Our right to free speech and assembly, the first right guaranteed in the Bills of Rights, is the cornerstone of our liberty. It is what set America apart at our founding. It’s what makes us free and allows us to speak freely and criticize our government.
That right has seldom been more important that it has been during the past few years. Social media has added a vibrancy and complexity to the American people’s collective voice, and we have heard that voice call for us to finish the efforts for true civil rights — work that’s been stalled for some 40 or more years.
And the message of Black Lives Matter — the idea that our society at large does not regard a black life with the same value as a white life — may very well be the most important and relevant message that Americans need to hear.
Their right to peacefully demonstrate, whether at Rockefeller Center, the United Nations or the Mall of America, should not be restrained. The fact that Wednesday is one of the biggest shopping days of the year is of no consequence compared with their right to assemble.

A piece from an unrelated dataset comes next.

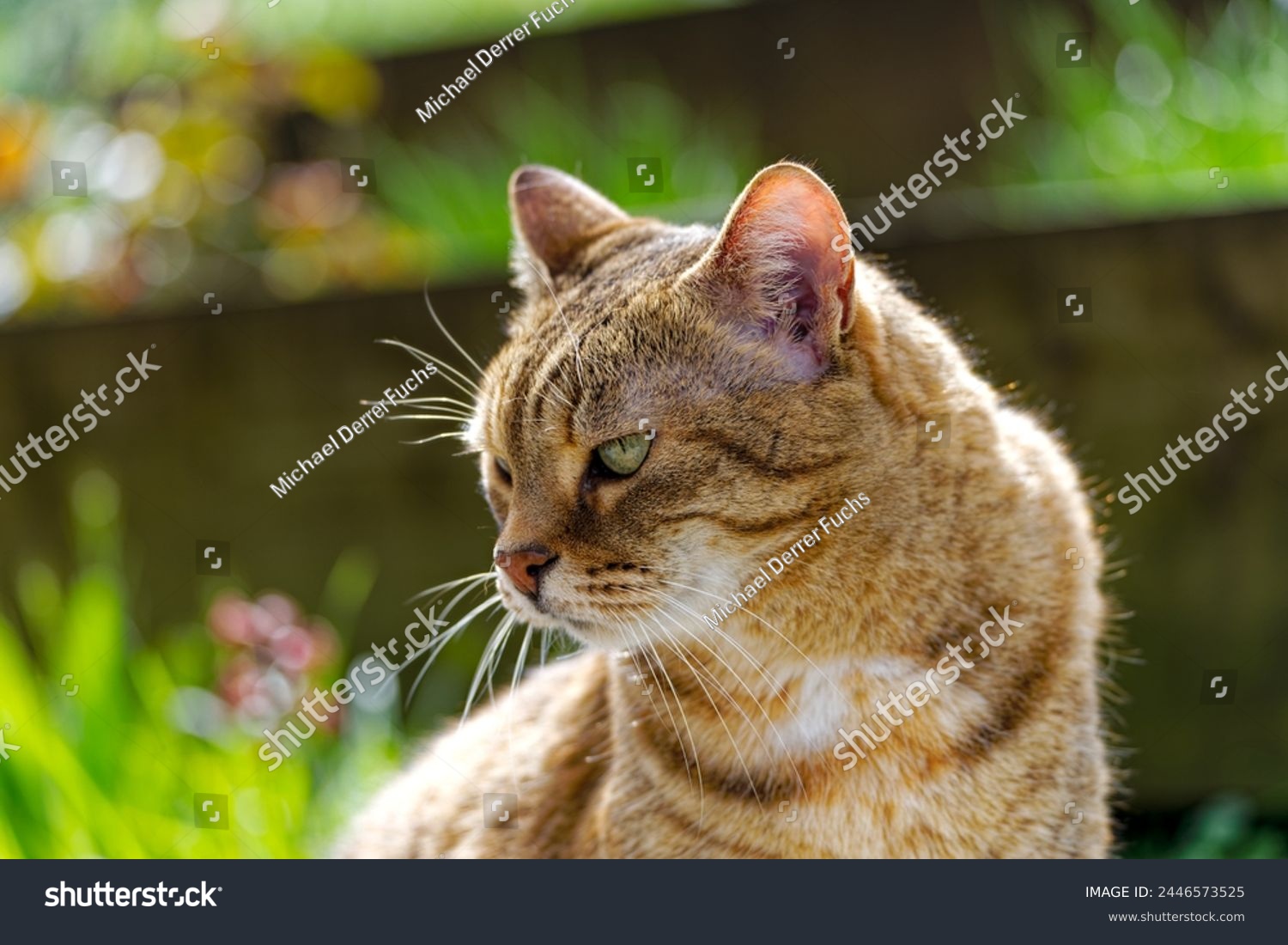 Close-up headshot of brown, white and black cute adult female tabby cat sitting at garden at Swiss City of Zürich on a sunny spring day. Photo taken April 6th, 2024, Zurich, Switzerland. #2446573525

Mall of America’s efforts to stop this demonstration is an arcane throwback to efforts to stymie the civil rights movement, and it promises to be wholly ineffective. A similar scene unfolded a year ago when Black Lives Matters protesters chose the mall to raise awareness of the deaths of Michael Brown in Ferguson and Eric Garner in New York. This year, the demonstration promises to be more personal, as it is a hometown death.
Black Lives Matter organizer Miski Noor has said that a restraining order will not stop the group from protesting.
What the restraining order could do, however, is make a criminal of every civil rights demonstrator who attends the protest. I’m not sure the owners of Mall of America have thought through what it will look like if police in riot gear show up to their mall two days before Christmas to arrest peaceful protesters. They should have responded with open arms to those with such an important message, not with an outstretched arm holding a court order.
With all the publicity this request for a restraining order has drawn, there will likely be hundreds more protesters than there would have been otherwise. And more news crews, too.
Soon the stage will be set. Restraining order or not, on the day before Christmas Eve, protesters will assemble at the Mall of America; there will be cameras; and millions will be watching.
What happens next will tell us volumes about who we are as a society and how much further we have to go to achieve the dream of true equality.